Reviews of the work of Paulo Freire

  • A search of the following databases on April 4, 2008, listed 1,603 reviews of Freire's work: Academic Search Complete, Academic Search Premier, ATLA, ERIC, Humanities International Index, International Political Science Abstracts, MLA International Bibliography, Social Work Abstracts, SocIndex with Full Text, EBSCO and ProQuest.

Excerpts from Publications

Freire, Paulo. (1970). Pedagogy of the oppressed. New York: Seabury Press.

Narration (with the teacher as narrator) leads the students to memorize mechanically the narrated content. Worse yet, it turns them into 'containers,' into 'receptacles' to be 'filled' by the teacher. The more completely she fills the receptacles, the better a teacher she is. The more meekly the receptacles permit themselves to be filled, the better the students are.

Education thus becomes an act of depositing, in which the students are the depositories and the teacher is the depositor. Instead of communicating, the teacher issues communiqués and makes deposits which the students patiently receive, memorize, and repeat. This is the 'banking' concept of education, in which the scope of action allowed to the students extends only as far as receiving, filing, and storing the deposits. They do, it is true, have the opportunity to become collectors or cataloguers of the things they store. But in the last analysis, it is the people themselves who are filed away through the lack of creativity, transformation, and knowledge in this (at best) misguided system. For apart from inquiry, apart from praxis, individuals cannot be truly human. Knowledge emerges only through invention and re-invention, through the restless, impatient, continuing, hopeful inquiry human beings pursue in the world, with the works, and with each other.

In the banking concept of education, knowledge is a gift bestowed by those who consider themselves knowledgeable upon those whom they consider to know nothing. Projecting an absolute ignorance onto others, a characteristic of the ideology of oppression, negates education and knowledge as processes of inquiry. The teacher presents himself to his students as the necessary opposite; by considering their ignorance absolute, he justifies his own existence. The students, alienated like the slave in the Hegelian dialectic, accept their ignorance as justifying the teacher's existence-but unlike the slave, they never discover that they educate the teacher.

The raison d'etre of libertarian education, on the other hand, lies in its drive towards reconciliation. Education must begin with the solution of the teacher-student contradiction, by reconciling the poles of the contradiction so that both are simultaneously teachers and students. (p. 53)

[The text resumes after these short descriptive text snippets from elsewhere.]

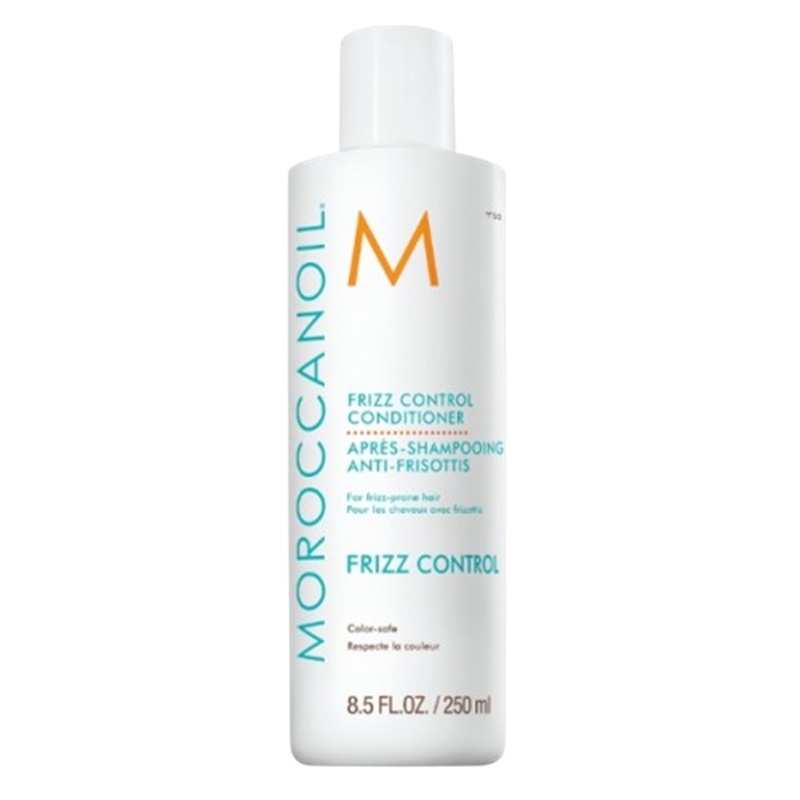 Oferte la Balsam de par pentru controlul frizarii Frizz Control, Moroccanoil (Gramaj: 250 ml)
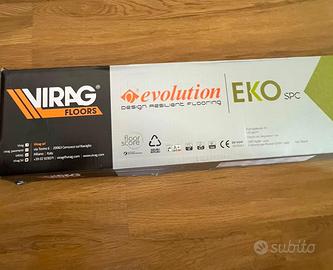 Pavimento SPC Virag Evolution EKO - 31,2mq NUOVO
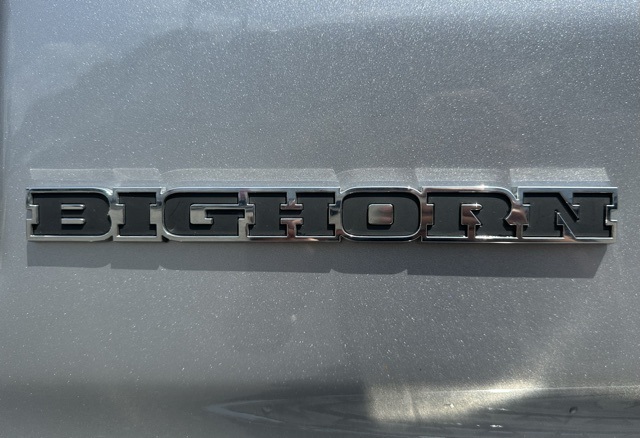 2022 Ram 1500 Big Horn Lone Star photo 9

Human existence cannot be silent, nor can it be nourished by false words, but only by true words, with which men and women transform their world. To exist, humanly is to name the world, to change it. Once named, the world in its turn reappears to the namers as a problem and requires of them a new naming. Human beings are not built in silence, but in word, in work, in action-reflection …

Dialogue is the encounter between men, mediated by the world, in order to name the world. Hence, dialogue cannot occur between those who want to name the world and those who do not wish this naming-between those who deny others the right to speak their word and those whose right to speak has been denied them. Those who have been denied their primordial right to speak their word must first reclaim this right and prevent the continuation of this dehumanizing aggression. (p. 69)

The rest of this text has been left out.